The contention challenges the inadequacy of FENOC's Shield Building Monitoring Program's Aging Management Plans (AMPs). Specifically, the intervenors have called for significantly more tests, utilizing a diversity of methods to avoid blind spots, carried out at a much greater frequency than FENOC plans during the 2017 to 2037 license extension period. If FENOC cannot reasonably assure adequate protection of public health, safety, and the environment, then Davis-Besse must be permanently closed, not granted a license extension, intervenors have long asserted.

The contention was prompted by a window of opportunity pointed out by the ASLB panel overseeing the Davis-Besse License Renewal Application (LRA) proceeding. In a July 25th ruling, rejecting a previous coalition cracking contention filed on Earth Day, the ASLB pointed out that FENOC's latest modifications to its Shield Building AMPs provide intervenors another contention opportunity, provided they file it within the arbitrarily short 60-day deadline allotted by the ASLB. The coalition has met that challenge.

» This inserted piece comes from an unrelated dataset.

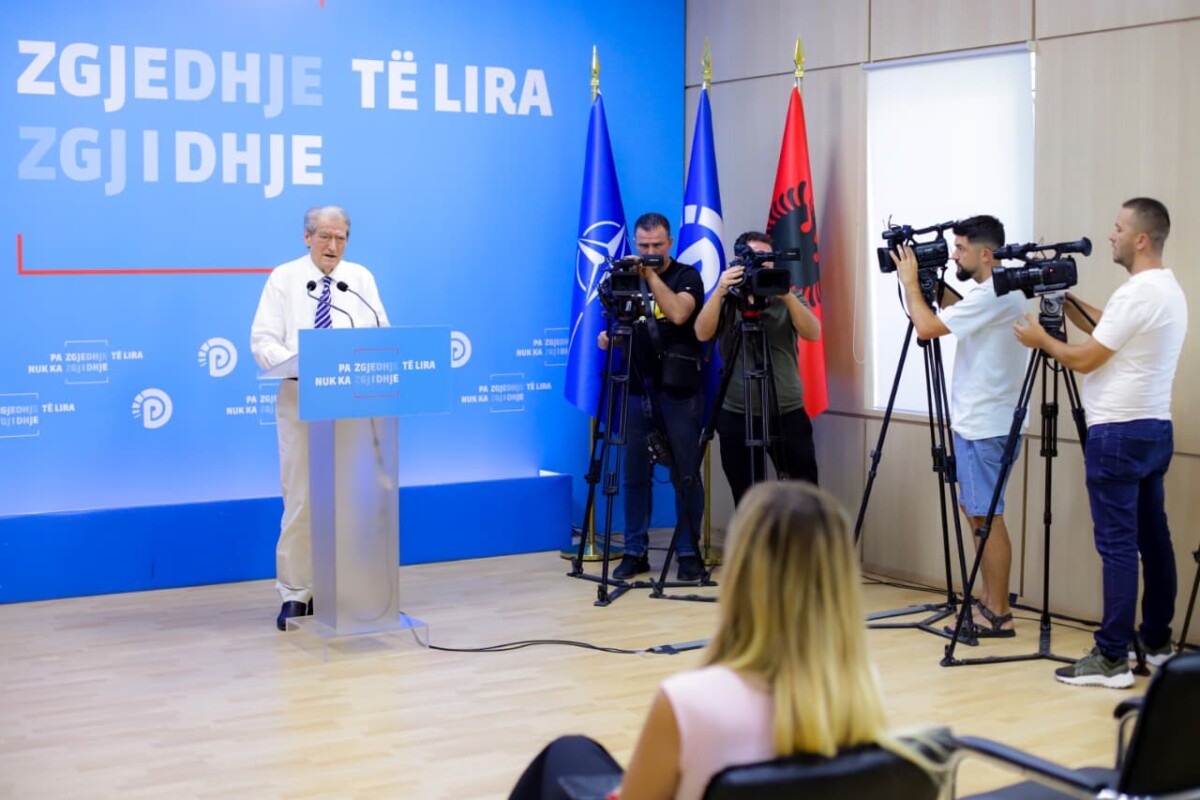 Berisha thirrje FBI-së: Hetoni udhetimet me charter të Edi Ramës dhe Alex Soros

Given the NRC Commissioners' unanimous vote on August 26th to approve the agency staff's "Continued Storage of Spent Nuclear Fuel" Generic Environmental Impact Statement (GEIS) and Rule, as well as its 4 to 0 vote to end the associated holds on final granting of license extensions, the Davis-Besse ASLB panel could be poised to approve FENOC's LRA. (In summer 2012, the NRC Commissioners placed final license extension decisions on hold, till resolution of the court-ordered "Nuclear Waste Confidence" policy re-write.) Once the "Continued Storage" (formerly called "Nuclear Waste Confidence") decision is published in the Federal Register later this month, then 30 days later, the Davis-Besse proceeding stay will end. The coalition's contention thus seeks to keep the intervention proceeding alive, and block the license extension. Davis-Besse's original 40-year license will expire on Earth Day (April 22), 2017.